Raines-ing in Andrew Sullivan
Is the Andrew Sullivan heave-ho the marker of more changes to come at the New York Times?
Not all correspondents chose to heed the call. Sam Howe Verhovek of the Seattle bureau and Kevin Sack of the Atlanta bureau moved to the Los Angeles Times, where Managing Editor Dean Baquet, a former top New York Times editor, is setting up a shadow version of the New York Times on the West Coast. Baquet has also poached editors Michaline Busico and John Montario from the mother-ship. These defections reverse a natural law that says all journalistic talent flows toward the New York Times, not away from it.

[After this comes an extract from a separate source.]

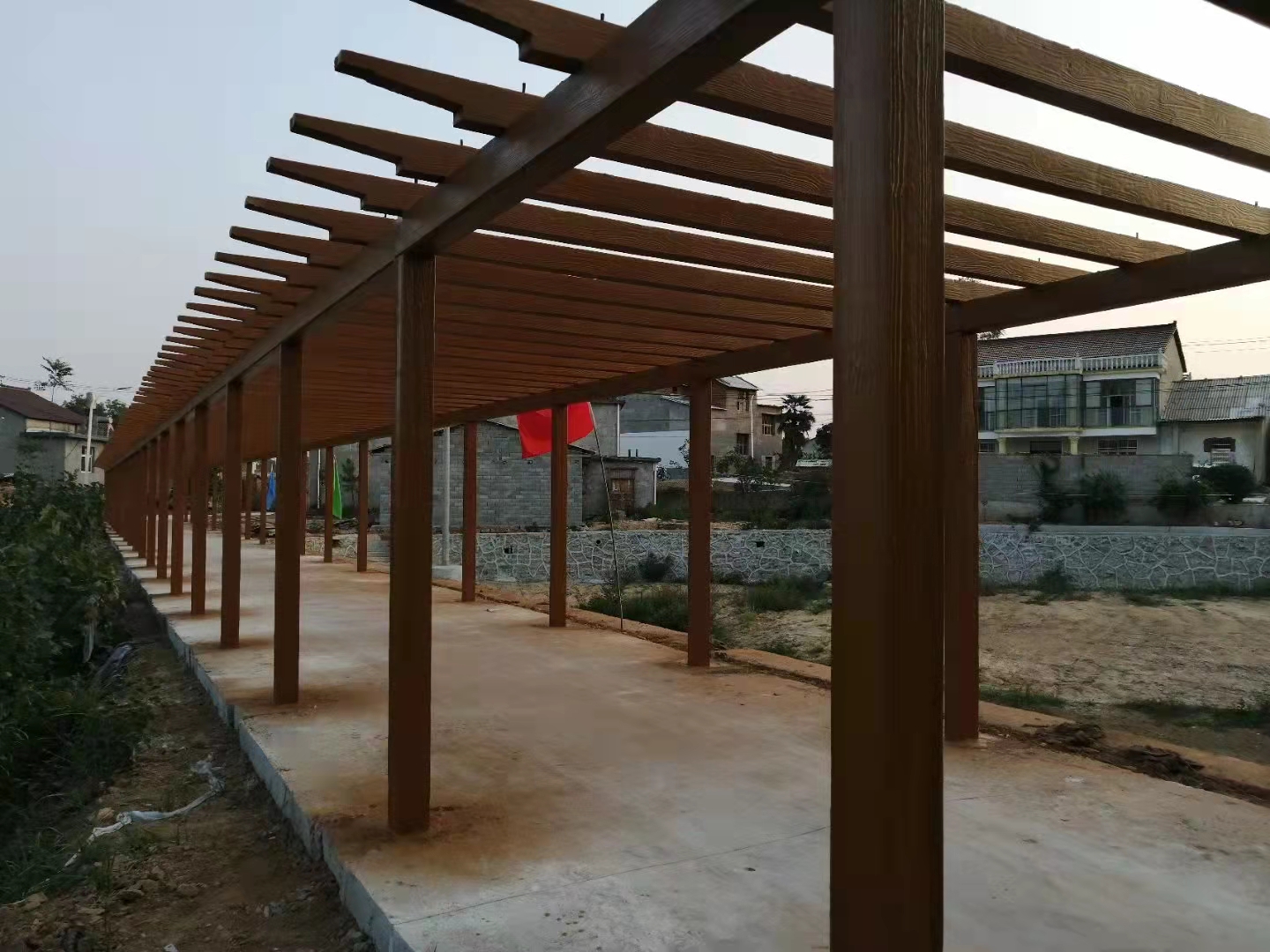 如何制作水泥仿木廊架##学习教学视频轻松上手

In typical overkill, a recent New York Post headline called the personnel changes "Terror Raines at the Times." But terror is relative. The heaven that was Joe Lelyveld's newsroom is as rare as the hell that was Abe Rosenthal's. Readers should worry less about Howell Raines reshuffling the deck than they do about what sort of newspaper he deals. And, after all, the Raines era won't last forever. Some Times departees and staffers passed over in the opening months of the Raines regime consider themselves "Prague Exiles" and joke about returning to the paper after the "tanks" leave—i.e., Raines takes his mandatory retirement at 65 in 2008.
(Disclosure: I talked with Adam Moss about a job in 1997 [or was it 1998?], but nothing came of it. I also wrote a piece for Sullivan when he edited the New Republic.)